[OPE-L:6333] Re: Re: Re: Re: recent science and society and Fred M's interpretation

From: Rakesh Bhandari (rakeshb@stanford.edu)
Date: Wed Jan 16 2002 - 15:55:31 EST

>Rakesh, you write
>>My first answer is simple and predictable: if the average rate of
>>profit is not ultimately determined by labor time relations, then
>>capitalism cannot give rise to those contradictions in the process of
>>production that Marx, as a materialist, thought were the precondition
>>for the revolutionary activity of the only the subject that Marx
>>thought had even the latent power to actually effect a transition in
>>the mode of production--the working class.
>Understood as a direct answer to my initial question, this statement in
>effect makes three connected claims:
>1) Asserting that "the average rate of profit is...ultimately determined by
>labor time relations" (I take this to mean that the average rate of profit
>is presumed to be equal to the ratio of unpaid labor hours to the sum of
>paid labor hours and the labor embodied in expended constant capital) is
>tantamount to embracing the labor theory of value.
>2)  Unless the average rate of profit is understood to equal the ratio just
>indicated, capitalism cannot give rise to the contradictions Marx
>identified as the precondition for revolutionary activity by the 
>working class.
>3)  If one feels that either of the above claims about capitalism is in
>fact false, then one is not a Marxist. 
>Accepting claim (1) for the sake of argument,

well thanks since that relieves me of the duty of having to be precise!

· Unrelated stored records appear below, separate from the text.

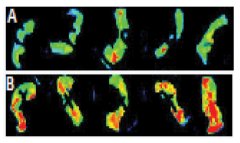 images of mouse colons with red showing how Ora-Curcumin S binds to sores or ulcers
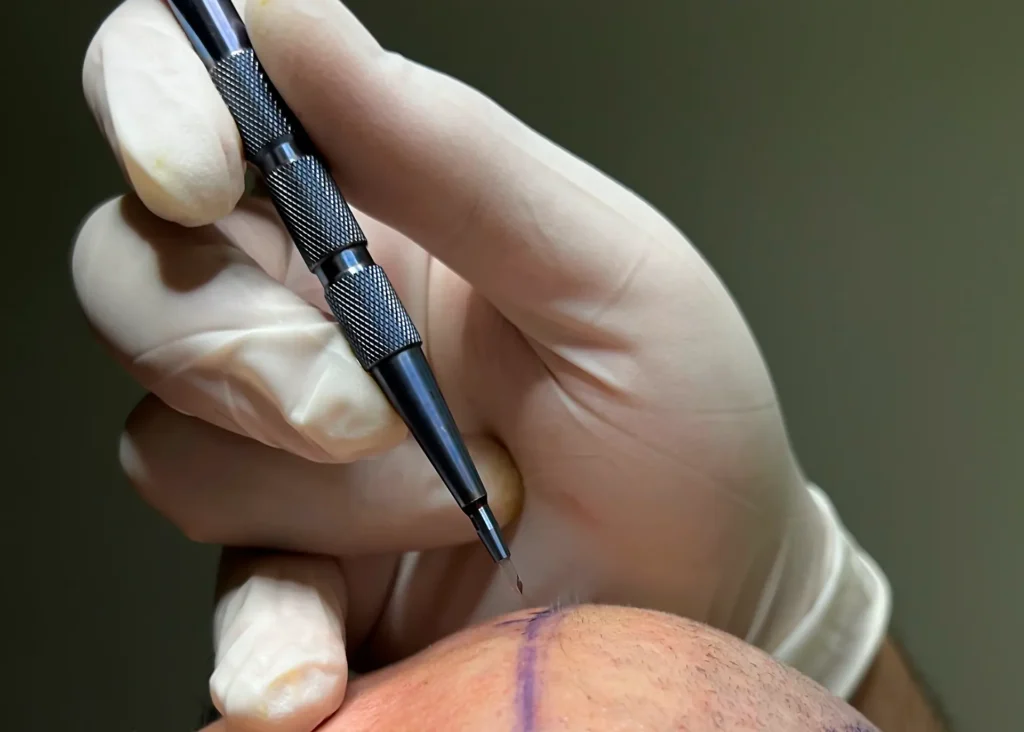 Sapphire FUE Hair Transplant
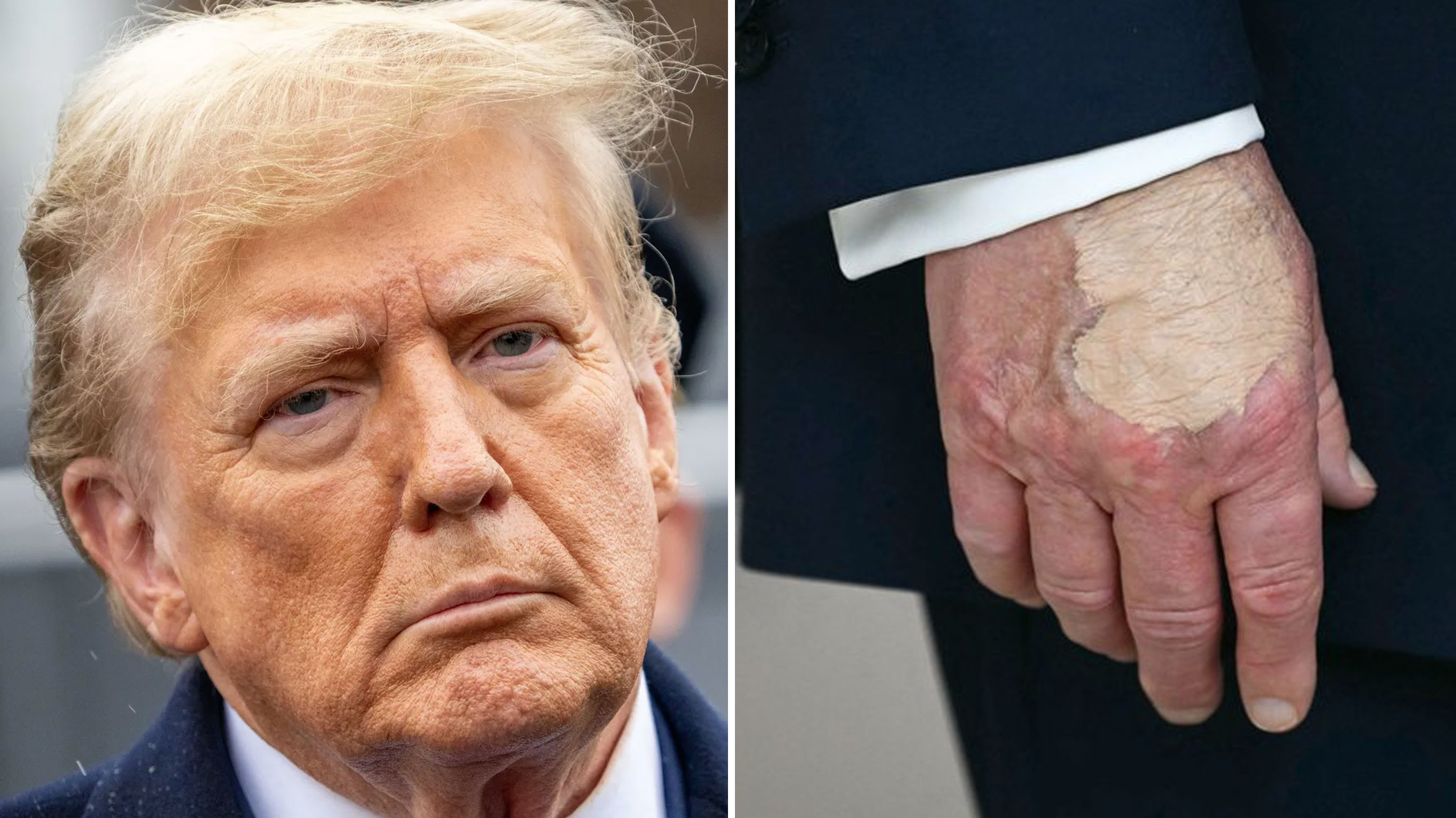 Donald Trump's Hand Makeup and Death Speculation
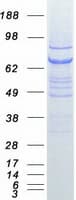 Human VPS33B Protein (Recombinant Myc-DDK (Flag))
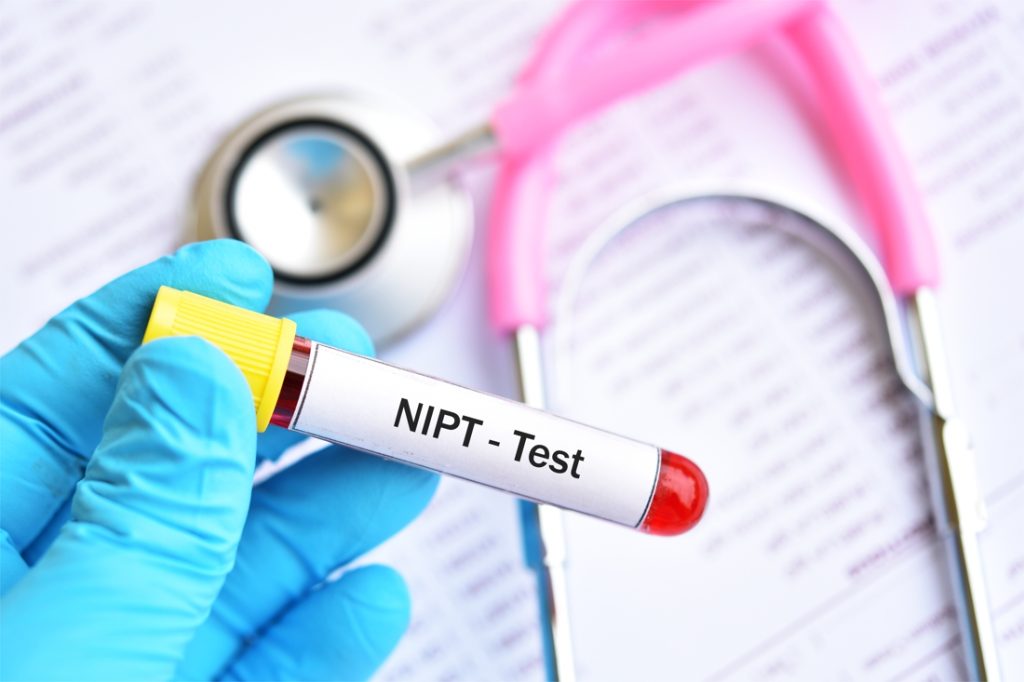 Tổng hợp thông tin xét nghiệm sàng lọc dị tật thai nhi mẹ bầu cần biết 3 Xét nghiệm sàng lọc dị tật thai nhi không xâm lấn NIPT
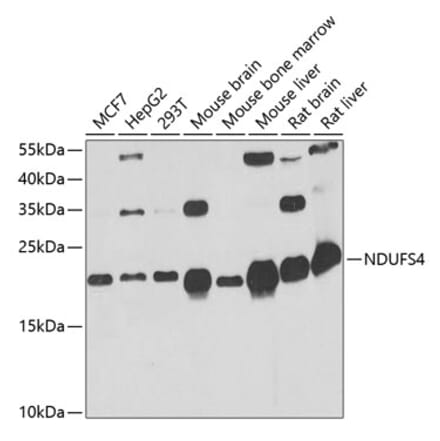 Western Blot - Anti-Ndufs4 Antibody (A88703) - Antibodies.com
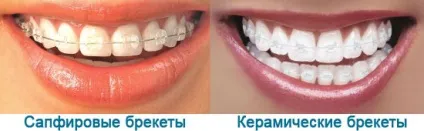 Які брекети краще керамічні або сапфірові про виправлення прикусу і брекети (естетичні брекети) Які брекети краще керамічні або сапфірові про виправлення прикусу і брекети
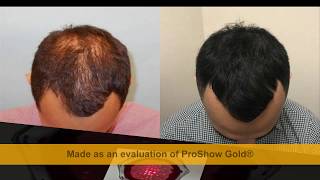 Best laser hair growth device  Laser Treatments for Thinning Hair [upl. by Nesnaj]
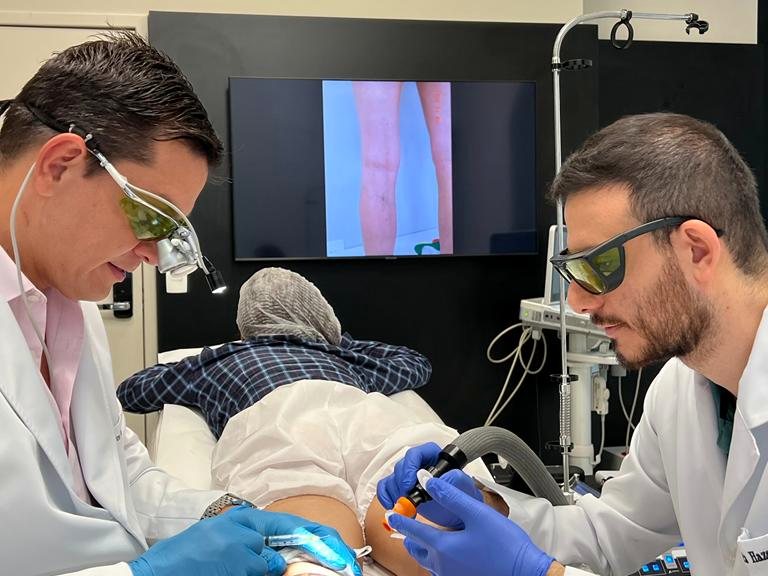 Perna da paciente ampliada no monitor durante a sessão de laser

>  I don't see the basis for
>claim (2) or (3).  For example, with regard to (3), are you suggesting that
>a necessary condition for being a Marxist is accepting every empirical
>claim Marx made (in Capital, say), even if one feels some are false?

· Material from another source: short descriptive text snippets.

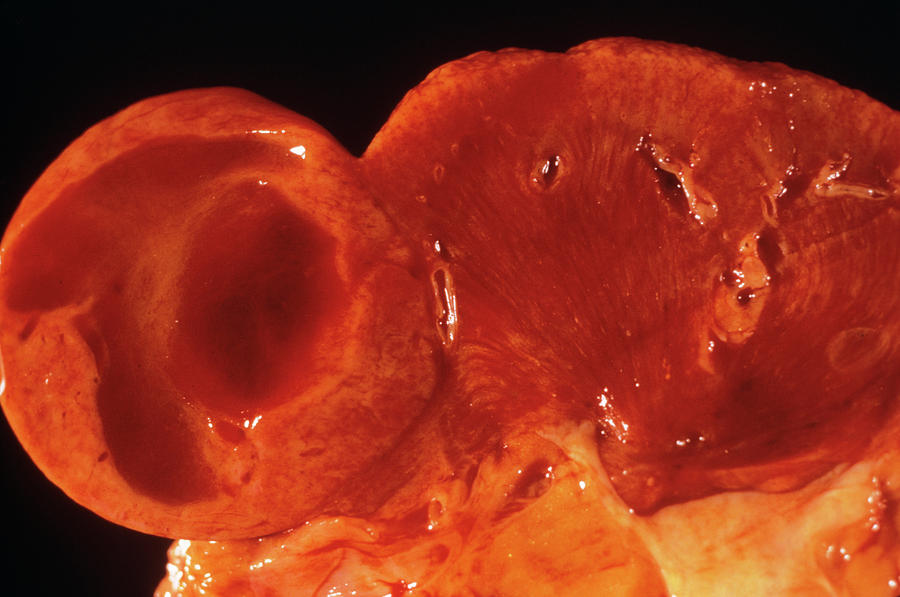 Kidney Tumour #2 Photograph by Cnri/science Photo Library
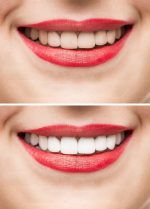 Teeth Whitening Albuquerque NM - W. Gregory Rose DDS, PA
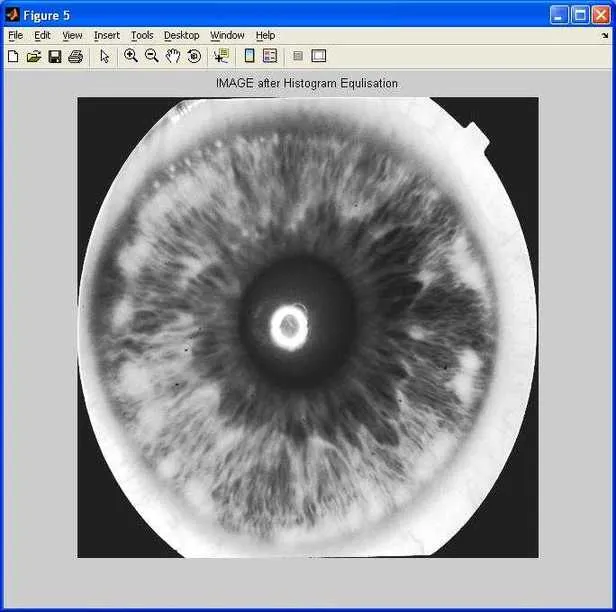 iris detection histogram equalization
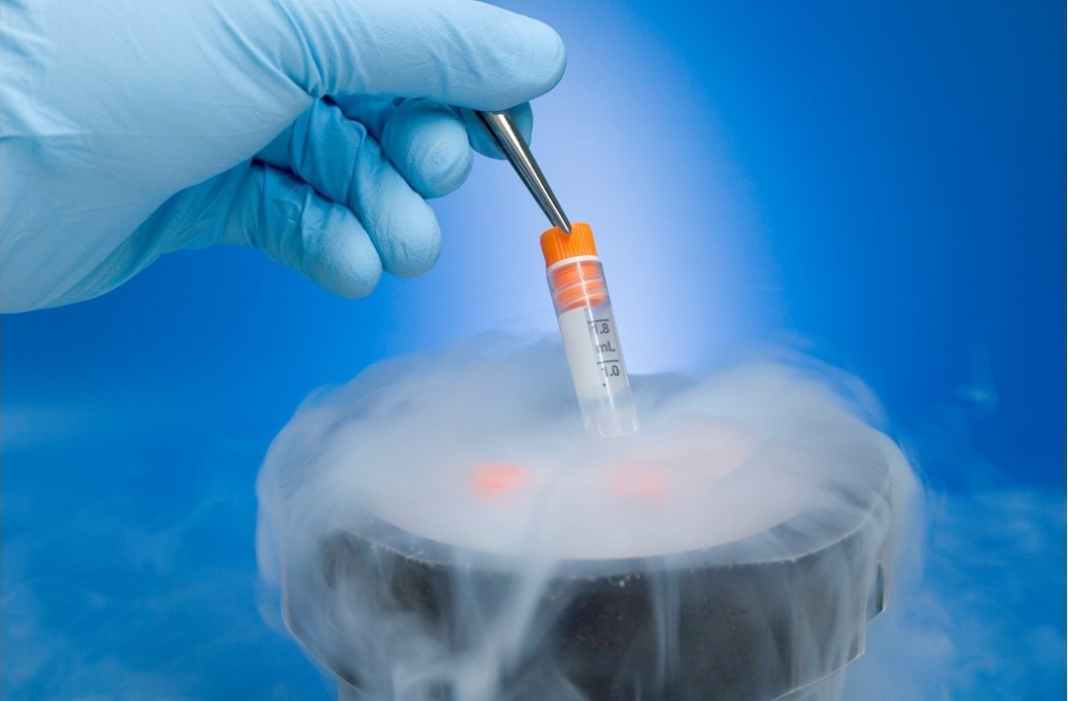 Cryopreservation of samples.
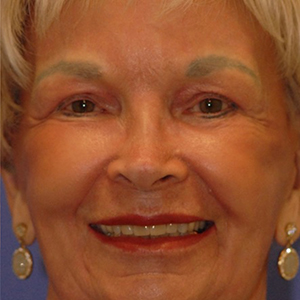 Patient 17 after photo of Face Procedures patient at Sensational Skin Scottsdale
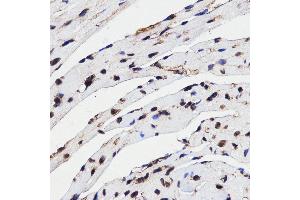 Immunohistochemistry (IHC) image for anti-High Mobility Group Box 1 (HMGB1) (AA 100-200) antibody (ABIN3023358) (HMGB1 anticorps  (AA 100-200))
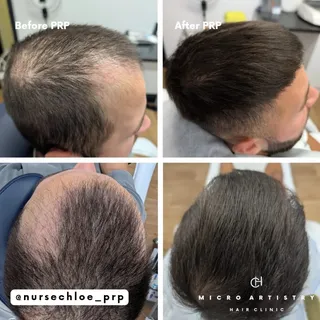 I'll never stop being amazed by @nursechloe_prp 's Platelet-Rich Plasma results 🤯

This patient of 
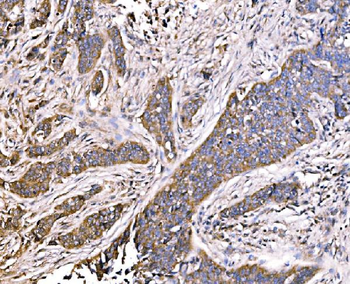 MLX-interacting protein/MLXIP/MLX Rabbit Polyclonal Antibody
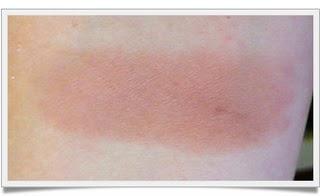 VARIADILLO... VARIADILLO...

It's not every and all empirical claims but those related in 
particular to the revolutionary activity of the working class.

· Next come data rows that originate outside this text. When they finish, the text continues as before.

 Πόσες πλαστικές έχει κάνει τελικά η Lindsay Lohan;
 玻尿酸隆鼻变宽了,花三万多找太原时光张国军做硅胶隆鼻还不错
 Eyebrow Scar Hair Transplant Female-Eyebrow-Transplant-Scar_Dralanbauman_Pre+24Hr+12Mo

I am saying that  Marx's work should not be understood to have 
described the deplorable working conditions in early capitalism 
Manchester; rather Marx's theory is meant to have adduced on the 
basis of the law of value a tendency towards protracted periods in 
which there are growing contradictions within the process of 
production itself, e.g, a struggle to reverse worker gains and 
depress wages below the value of labor power; for on Marx's own 
assumptions there can be no causal or moral teleogical grounds  for 
the revolutionary activity of the working class unless capitalism 
fails to develop the productive forces and to raise the living 
standards of the working class.

If such a tendency does not in fact prevail, then Marx's theory is 
invalidated (of course the hows and whys of verification raise 
tremendous problems); and if such a tendency does prevail but Marx's 
labor value theory fails to explain it, then Marx's theory fails as 

For example, I would say that Brenner's theory is not based on labor 
value; however it may successfully explain the obtaining of the 
social conditions that  give rise causally and morally to the 
revolutionary activity of the working class. Brenner would then have 
vindicated Marx only by having moved beyond Marx. His theory should 
then be considered post Marxist, not Marxian. And it is arguably a 
better theory for being just that.

>   With
>regard to (2), are you suggesting that the expressions of capitalist
>contradiction Marx identified (immiseration of the working class,
>increasingly severe crises) cannot arise *unless* the average rate of
>profit equals the ratio indicated above?

Well there are two claims here, and I thank you for allowing me to clarify;

(i)no, it is possible that such phenomena can be explained on a 
foundation other than the theory of labor value, but such 
explanations are not Marxian ones. Which does not mean that they are 
not better ones.

(ii)my judgement is all such alternative theories will in fact fail 
to explain the root causes of said developmental tendencies (crises, 

It is of course possible to give a *description* of crises, working 
class struggle within the abode of production and unemployment 
without reference to labor value (all one has to do is remove rose 
blinkered spectacles); it is not however possible in my opinion to 
give a deep explanation of the root causes of said developmental 
tendencies of the capitalist sytem on any other foundation than the 
one of labor value (or as Tony Smith would put it, in the 
commodity-form, money form, and capital form themselves; of course 
one could argue that rooting said phenomena in these forms does not 
necessarily commit one to the theory of labor value).